In praise of carnal knowledge


By Alastair MacAuley
from the Financial Times, 6/4/99

It often seems that both Pallas Athene and Aphrodite preside, at opposite sides of the stage, over certain plays by Tom Stoppard: that the leading characters of The Real Thing (1982), Arcadia (1993), The Invention of Love (1997), are pulled in opposing directions by intellect and passion. Left brain versus right.

Stoppard can make this dualism witty or moving, and in both The Real Thing and The Invention of Love he takes it close to the brink of tragedy. Finally in these plays, as in Arcadia and in Shakespeare in Love, he resolves these divided loyalties by showing us - by showing his characters, rather - that sexual passion is in fact just another form of brainwork. Carnal knowledge! How Stoppard loves that phrase; and loves the old expression whereby sexual union used to be expressed as "knowing" someone (in the biblical sense). The heart and the head can work together after all. Love is one form of epistemology.

Some people have said lately that it is only in recent years - since Arcadia (1993) and, blazingly, in Shakespeare in Love -that Stoppard has started to show his heart: wear it, indeed, on his sleeve. Certainly there is a certain heartlessness about such brilliant earlier plays as Travesties. But the Donmar Warehouse's enthralling revival of The Real Thing (1982) reminds us all that Stoppard has shown the world his heart before.

In The Real Thing - surely his most nearly autobiographical work to date - the playwright Henry is both a witty maker of well-made plays and a twice-married man who adores being in love and who learns, late in the day, to suffer the torments of sexual jealousy.

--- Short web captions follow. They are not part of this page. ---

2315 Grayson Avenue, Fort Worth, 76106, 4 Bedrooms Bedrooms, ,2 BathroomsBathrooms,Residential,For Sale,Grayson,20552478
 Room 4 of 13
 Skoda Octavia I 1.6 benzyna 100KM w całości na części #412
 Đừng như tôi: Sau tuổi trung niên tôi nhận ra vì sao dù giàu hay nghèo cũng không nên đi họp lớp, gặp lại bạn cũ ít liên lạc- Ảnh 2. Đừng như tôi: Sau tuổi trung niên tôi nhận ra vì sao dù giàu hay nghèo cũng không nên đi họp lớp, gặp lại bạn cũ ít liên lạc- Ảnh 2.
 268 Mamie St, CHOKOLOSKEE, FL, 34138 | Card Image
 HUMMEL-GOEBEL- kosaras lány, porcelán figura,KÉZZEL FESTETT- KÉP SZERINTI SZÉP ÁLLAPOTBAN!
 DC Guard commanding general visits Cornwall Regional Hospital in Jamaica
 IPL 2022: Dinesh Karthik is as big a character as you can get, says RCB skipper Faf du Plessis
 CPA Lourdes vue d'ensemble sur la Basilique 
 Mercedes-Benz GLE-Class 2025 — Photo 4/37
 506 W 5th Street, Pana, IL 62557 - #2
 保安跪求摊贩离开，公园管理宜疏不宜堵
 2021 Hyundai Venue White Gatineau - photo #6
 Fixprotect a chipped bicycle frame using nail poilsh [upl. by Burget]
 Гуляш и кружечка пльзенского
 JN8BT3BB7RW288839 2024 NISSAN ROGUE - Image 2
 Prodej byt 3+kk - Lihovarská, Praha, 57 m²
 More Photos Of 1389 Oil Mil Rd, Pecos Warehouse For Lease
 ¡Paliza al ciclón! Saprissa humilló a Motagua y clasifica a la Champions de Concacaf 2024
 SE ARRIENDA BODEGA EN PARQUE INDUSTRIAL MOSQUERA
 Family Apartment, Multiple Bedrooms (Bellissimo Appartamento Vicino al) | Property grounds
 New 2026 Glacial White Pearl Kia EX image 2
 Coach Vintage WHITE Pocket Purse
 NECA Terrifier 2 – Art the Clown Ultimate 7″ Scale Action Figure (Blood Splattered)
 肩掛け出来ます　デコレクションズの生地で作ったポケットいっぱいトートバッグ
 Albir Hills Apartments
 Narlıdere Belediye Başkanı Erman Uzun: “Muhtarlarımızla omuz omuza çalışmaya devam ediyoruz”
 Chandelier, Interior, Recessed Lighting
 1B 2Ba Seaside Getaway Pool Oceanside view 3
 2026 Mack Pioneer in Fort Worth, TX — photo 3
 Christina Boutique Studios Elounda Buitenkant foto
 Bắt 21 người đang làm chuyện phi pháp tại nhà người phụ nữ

But The Real Thing is about many things. It is about plays within a play. It is about plays as works of both writerly craft and personal statement. It is about multiple connections between life and art. And about connections between art and art: about taste, originality, reinvention. It is Private Lives as written for grown-ups about grown-ups by a grown-up. (And it is incidentally related to such other English studies of marriage and adultery and sexual jealousy as Pinter's Betrayal and Marber's Closer.) It is both exceptionally witty and exceptionally heartfelt, but also so fast it seldom allows one a chance either to laugh out loud or to feel any undivided emotion.

David Leveaux directs. The only quibbles I have are pedantic - to do with too-modern telephones and the fact that Anna Moffo's recording of "Sempre libera" does not belong in the Toscanini recording of Traviata. Maybe Jennifer Ehle looks too young to joke that 22-ish Billy might be her son; but one forgives a lot in the face of Ehle's personal beauty, which is now in its prime. Every iota of body-language, above all facial language, between Annie (the role she plays) and Henry (the man she marries) is riveting: sometimes it is a thrill just to watch them facing each other motionless across an empty room. And Ehle's speaking, though less mature, is equally true in feeling. Sarah Woodward, as Henry's first wife Charlotte, perfectly handles the role's tough and canny wit. Nigel Lindsay as Annie's first husband Max and Mark Bazeley as her young admirer Billy are both first-rate.

Each time I see Stephen Dillane, who here plays Henry, I see more clearly what a great actor he is. His playing is so economical and his style so devoid of vocal or physical glamour that, at first, you hardly notice him himself: only what he is doing. He dissolves himself into the character and the play, and everything he does is converted into expression: the lift of an eyebrow, the shading of a syllable. In The Real Thing, he carries with effortless spontaneity the many-faceted core of Stoppard's many-layered play, and delivers with marvellously natural eloquence the speeches about good plays and bad (compared to cricket-bats), about the insularity of passion, and about acknowledging the attractions of other people. Thanks to him, and thanks to Stoppard, one travels a large journey of heart and mind in this production. It goes without saying that if it transfers to the West End, then London would be a better place.